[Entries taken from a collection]
>>>
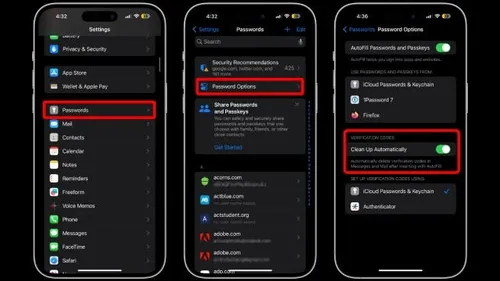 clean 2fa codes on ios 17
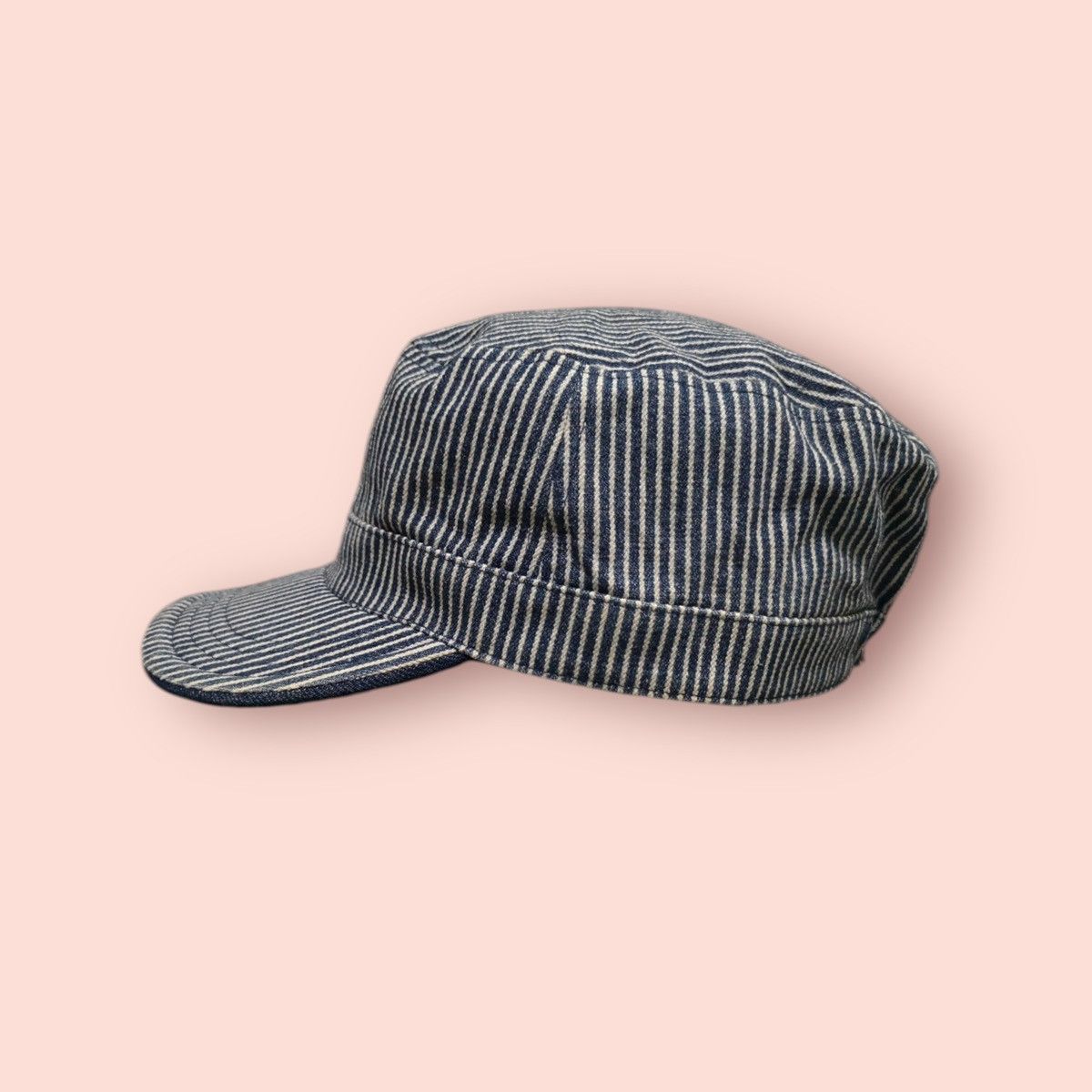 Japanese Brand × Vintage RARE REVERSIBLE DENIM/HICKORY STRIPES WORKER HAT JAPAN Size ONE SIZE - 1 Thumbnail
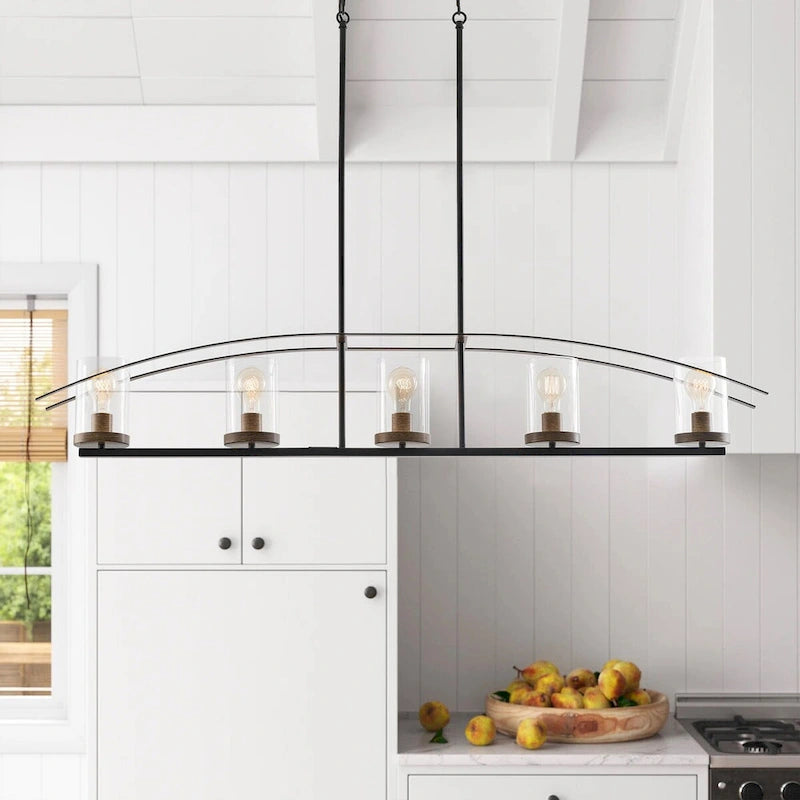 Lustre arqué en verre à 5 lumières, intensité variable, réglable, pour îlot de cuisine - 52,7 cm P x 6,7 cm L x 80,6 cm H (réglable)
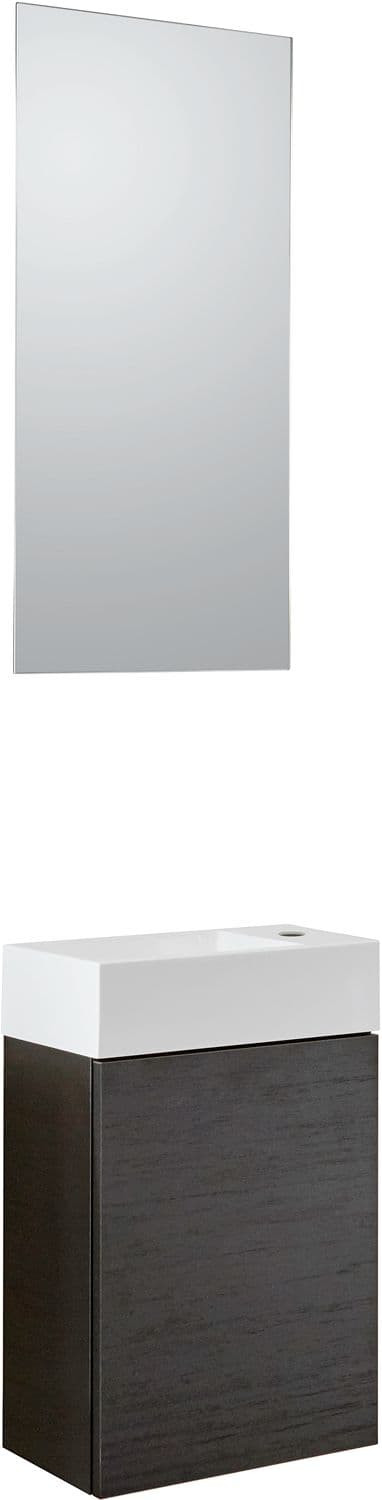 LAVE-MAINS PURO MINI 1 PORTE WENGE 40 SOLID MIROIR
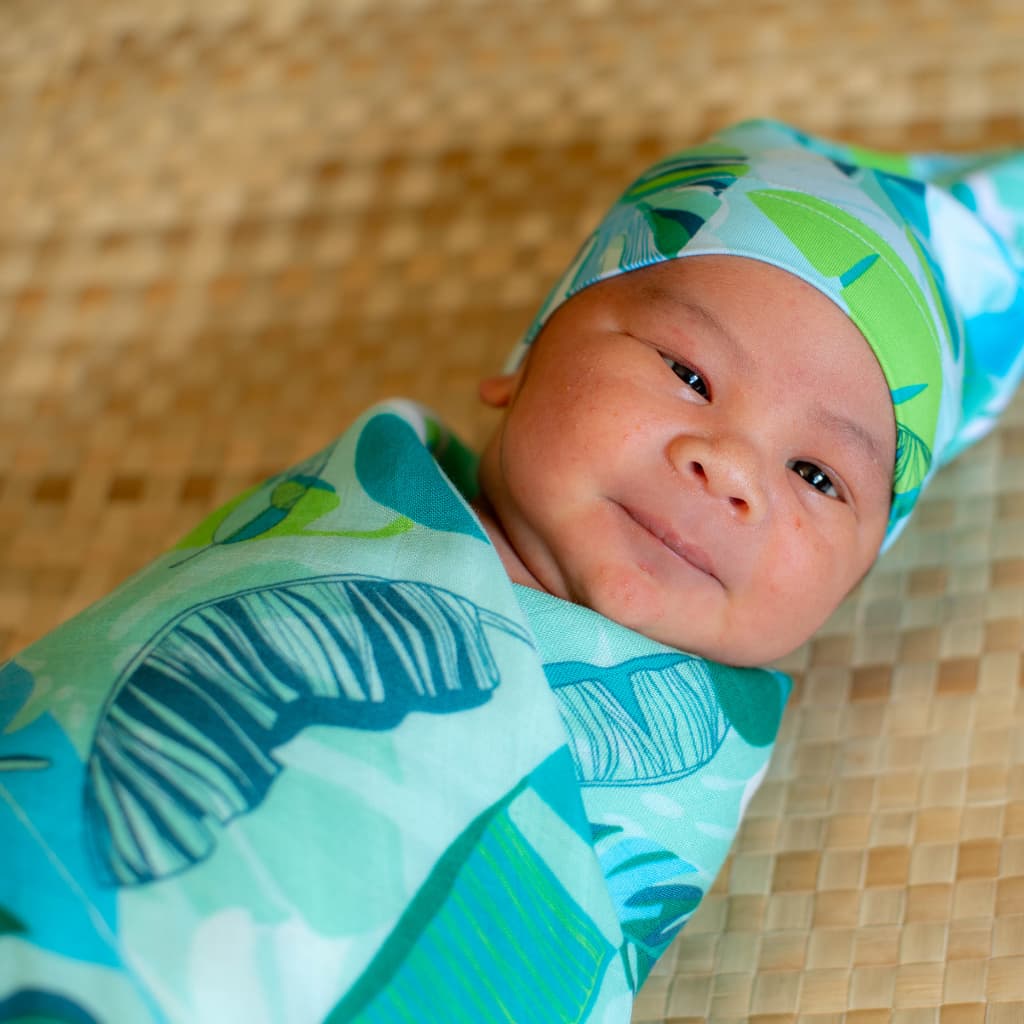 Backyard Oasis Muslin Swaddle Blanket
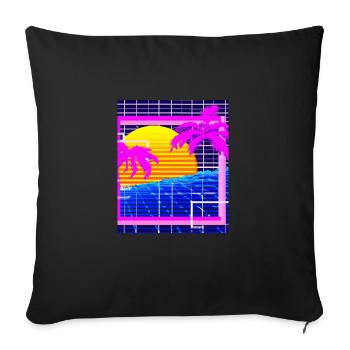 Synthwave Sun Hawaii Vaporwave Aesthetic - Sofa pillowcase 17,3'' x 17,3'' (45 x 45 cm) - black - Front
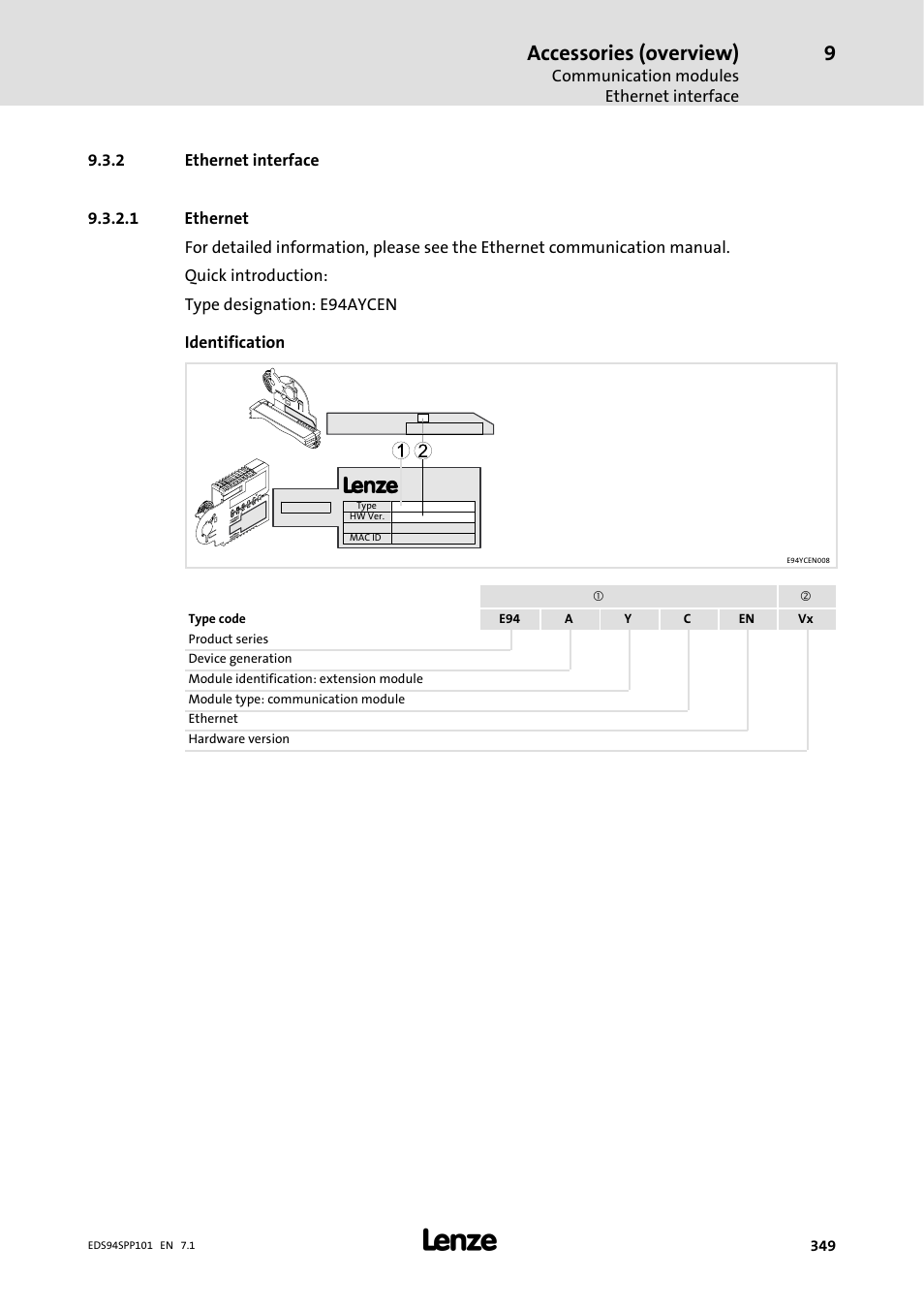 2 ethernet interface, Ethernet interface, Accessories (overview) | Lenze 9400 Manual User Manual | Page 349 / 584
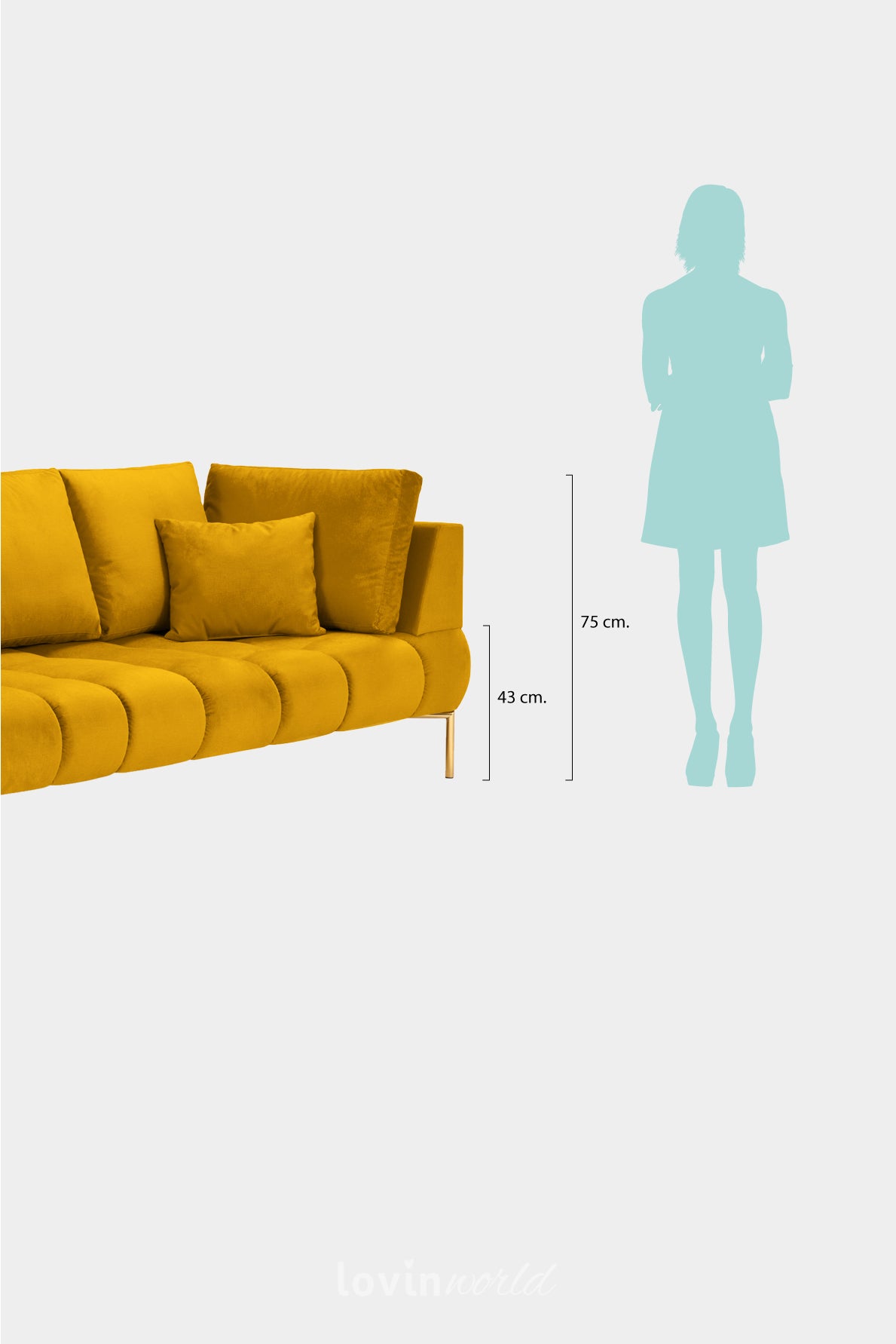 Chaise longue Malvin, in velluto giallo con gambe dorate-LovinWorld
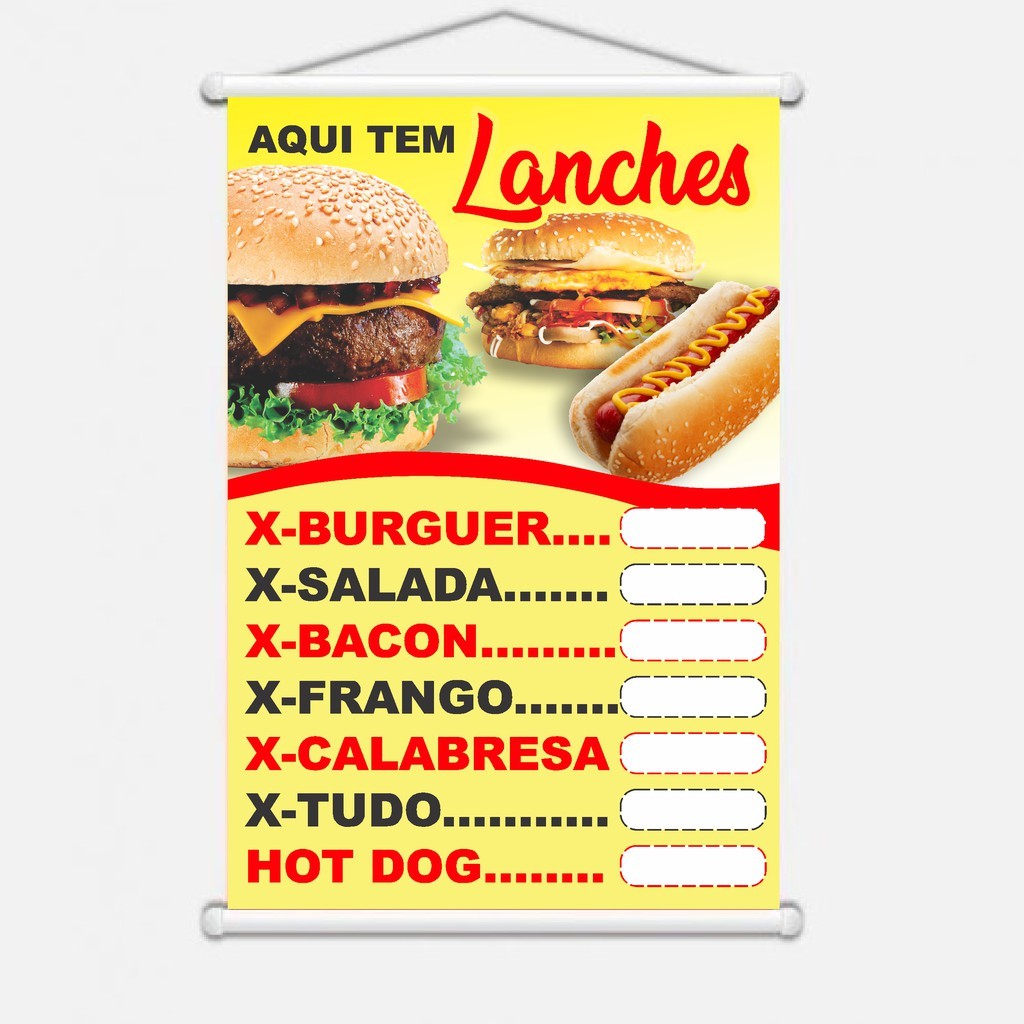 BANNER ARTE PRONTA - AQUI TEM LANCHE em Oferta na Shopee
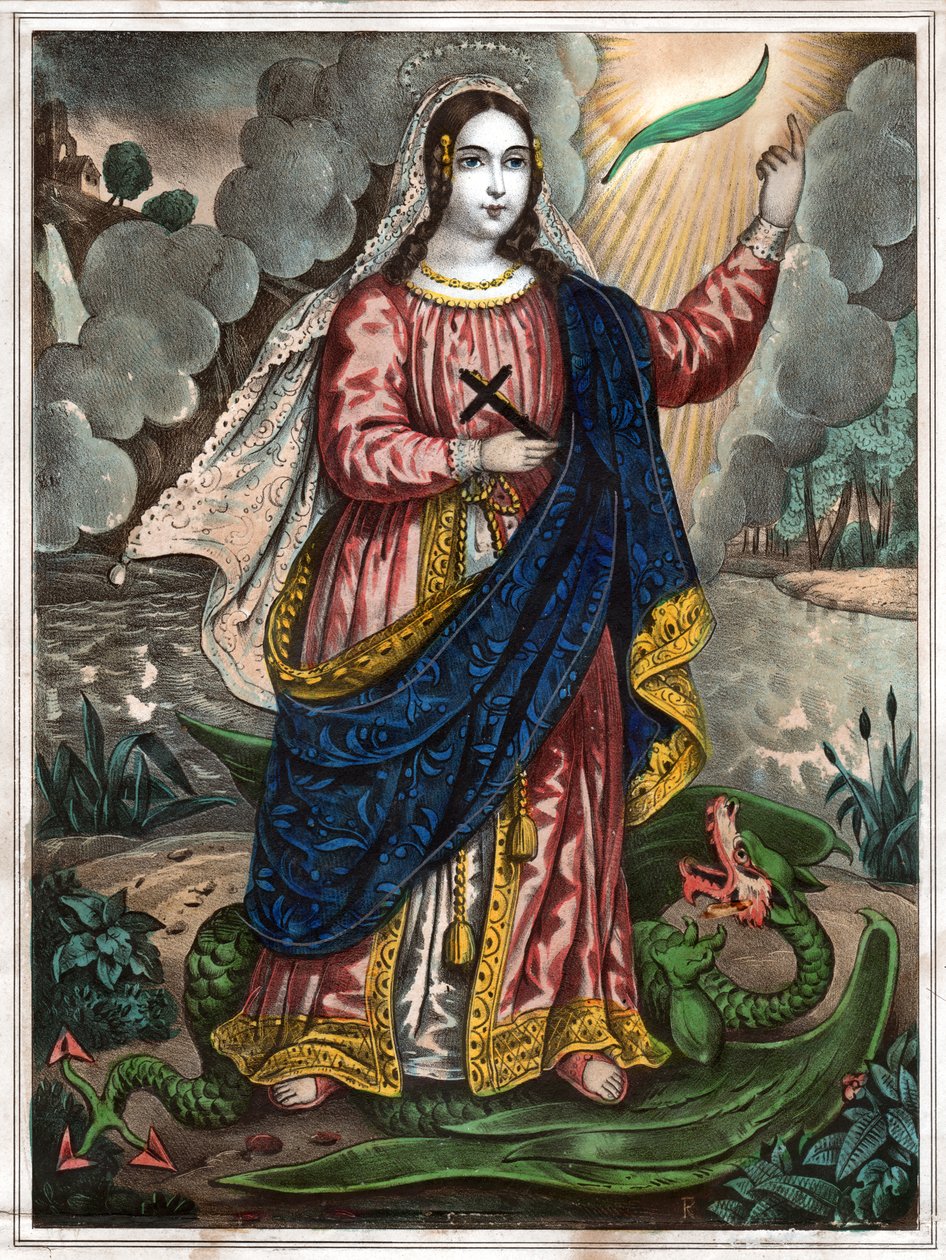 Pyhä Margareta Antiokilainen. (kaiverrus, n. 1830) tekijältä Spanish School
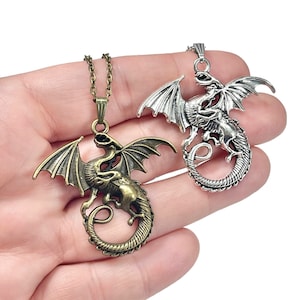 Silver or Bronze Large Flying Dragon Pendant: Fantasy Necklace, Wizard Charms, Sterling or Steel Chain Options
<<<
#### WHAT YOU WILL DO
Your output should be only the lines from the line with "Synthwave Sun Hawaii" through the end of the data, exactly as they stand, and no pictures.

#### ANSWER BOX
 Synthwave Sun Hawaii Vaporwave Aesthetic - Sofa pillowcase 17,3'' x 17,3'' (45 x 45 cm) - black - Front
 2 ethernet interface, Ethernet interface, Accessories (overview) | Lenze 9400 Manual User Manual | Page 349 / 584
 Chaise longue Malvin, in velluto giallo con gambe dorate-LovinWorld
 BANNER ARTE PRONTA - AQUI TEM LANCHE em Oferta na Shopee
 Pyhä Margareta Antiokilainen. (kaiverrus, n. 1830) tekijältä Spanish School
 Silver or Bronze Large Flying Dragon Pendant: Fantasy Necklace, Wizard Charms, Sterling or Steel Chain Options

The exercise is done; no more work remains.